§ SOURCE MATERIAL:
# # # #

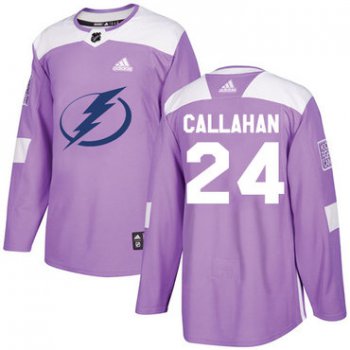 Adidas Lightning #24 Ryan Callahan Purple Authentic Fights Cancer Stitched NHL Jersey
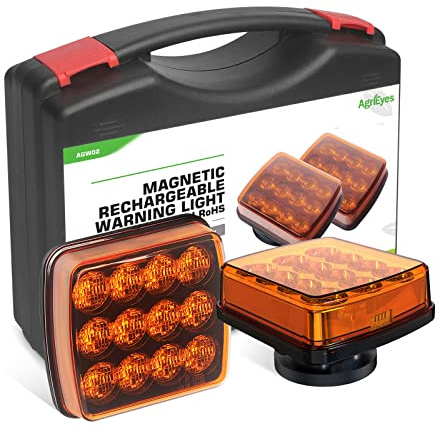 Agrieyes 2Pcs Rechargeable Flashing Lights for Vehicles, Super Magnetic Strobe Hazard Lights, Wireless Portable Amber Led Warning Beacon Emergency Light for Trucks Bus Tractor Oversize Trailer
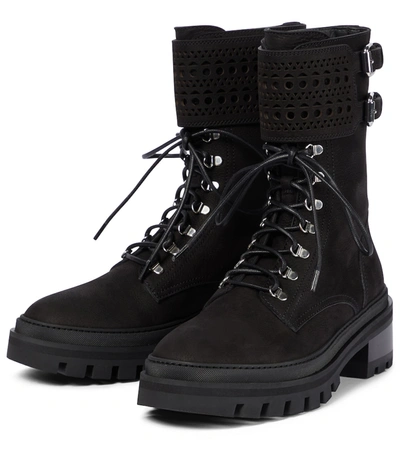 Shop Alaïa Laser-cut Leather Boots In Noir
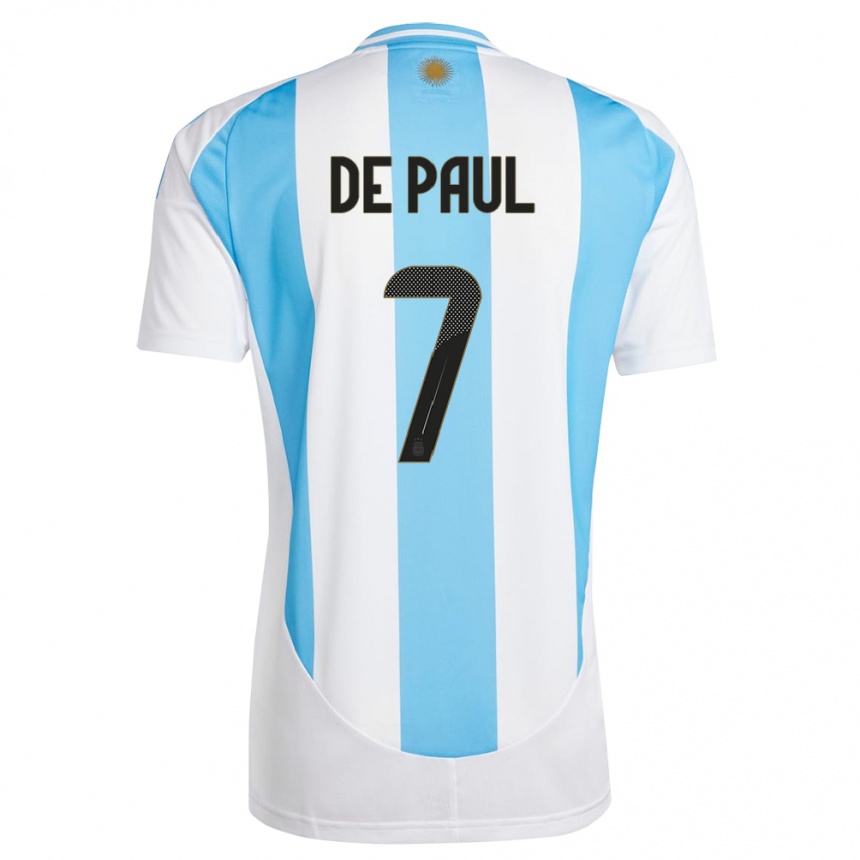 Kids Football Argentina Rodrigo De Paul #7 White Blue Home Jersey 24-26 T-Shirt Za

# # # #

§ EXERCISE: The listing must be returned in full and exactly, apart from its pictures.

§ FINISHED TASK:
 Adidas Lightning #24 Ryan Callahan Purple Authentic Fights Cancer Stitched NHL Jersey
 Agrieyes 2Pcs Rechargeable Flashing Lights for Vehicles, Super Magnetic Strobe Hazard Lights, Wireless Portable Amber Led Warning Beacon Emergency Light for Trucks Bus Tractor Oversize Trailer
 Shop Alaïa Laser-cut Leather Boots In Noir
 Kids Football Argentina Rodrigo De Paul #7 White Blue Home Jersey 24-26 T-Shirt Za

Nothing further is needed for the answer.